Your task: Only the pictures should be left out; repeat the rest of the data exactly.

Information shown:
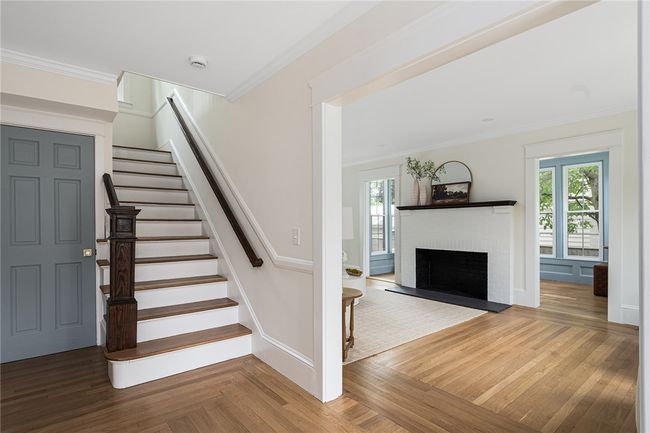175 Freeman Pkwy, House other with 5 bedrooms, 4 bathrooms and 5 parking in Providence RI | Image 7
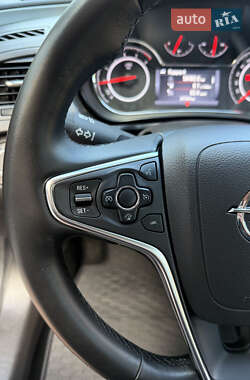 Универсал Opel Insignia 2016 в 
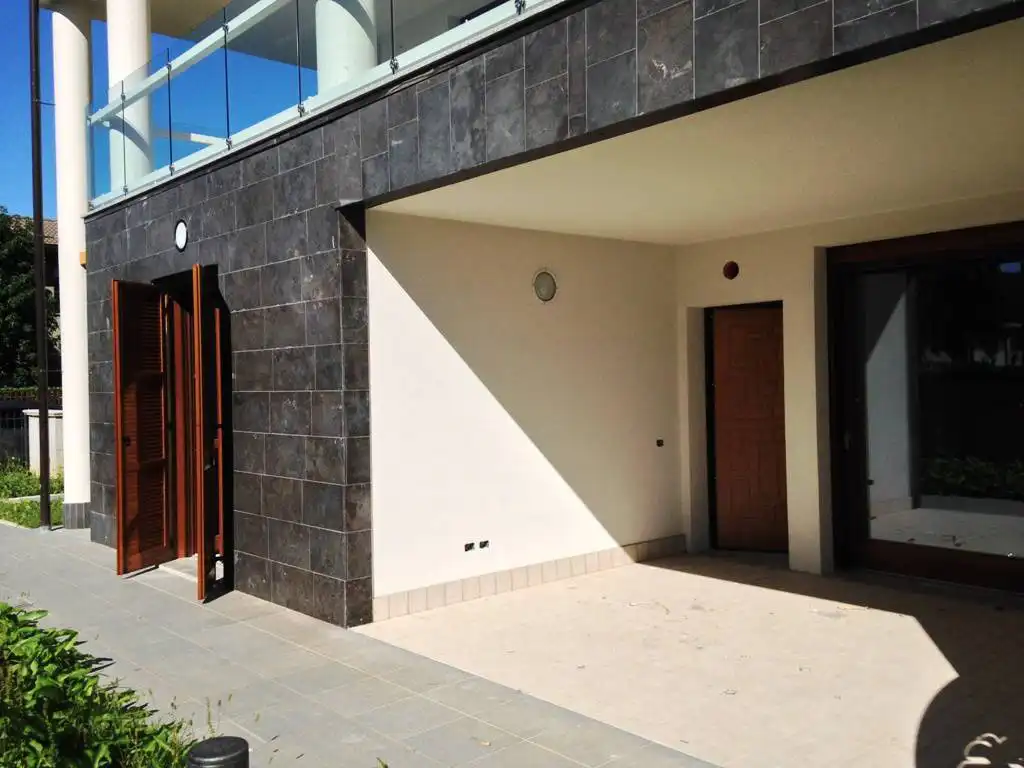 Appartamenti-in-vendita-con-giardino-a-Burago-di-Molgora-27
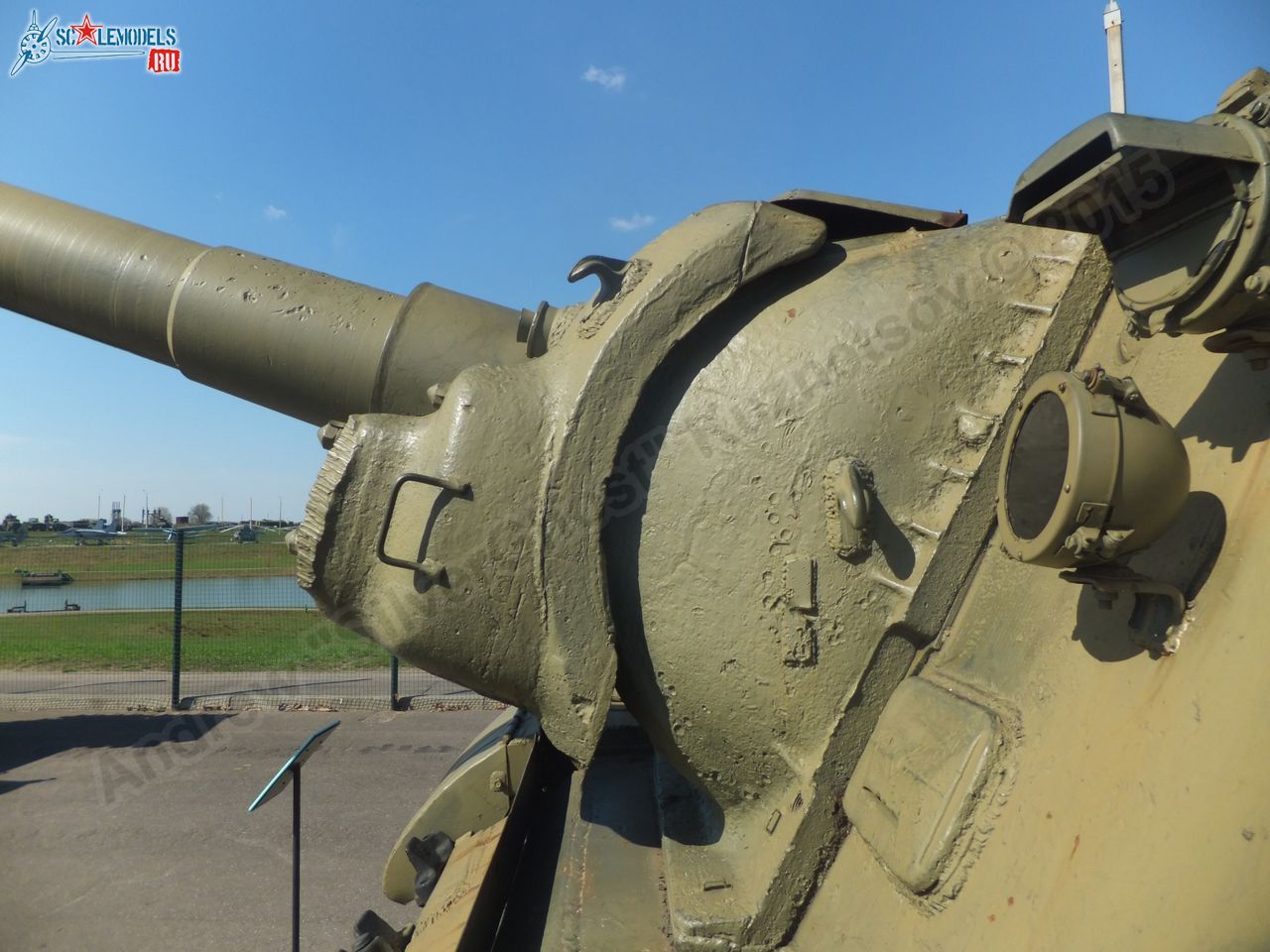 ISU-152_0082.jpg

Output:
175 Freeman Pkwy, House other with 5 bedrooms, 4 bathrooms and 5 parking in Providence RI | Image 7
 Универсал Opel Insignia 2016 в 
 Appartamenti-in-vendita-con-giardino-a-Burago-di-Molgora-27
 ISU-152_0082.jpg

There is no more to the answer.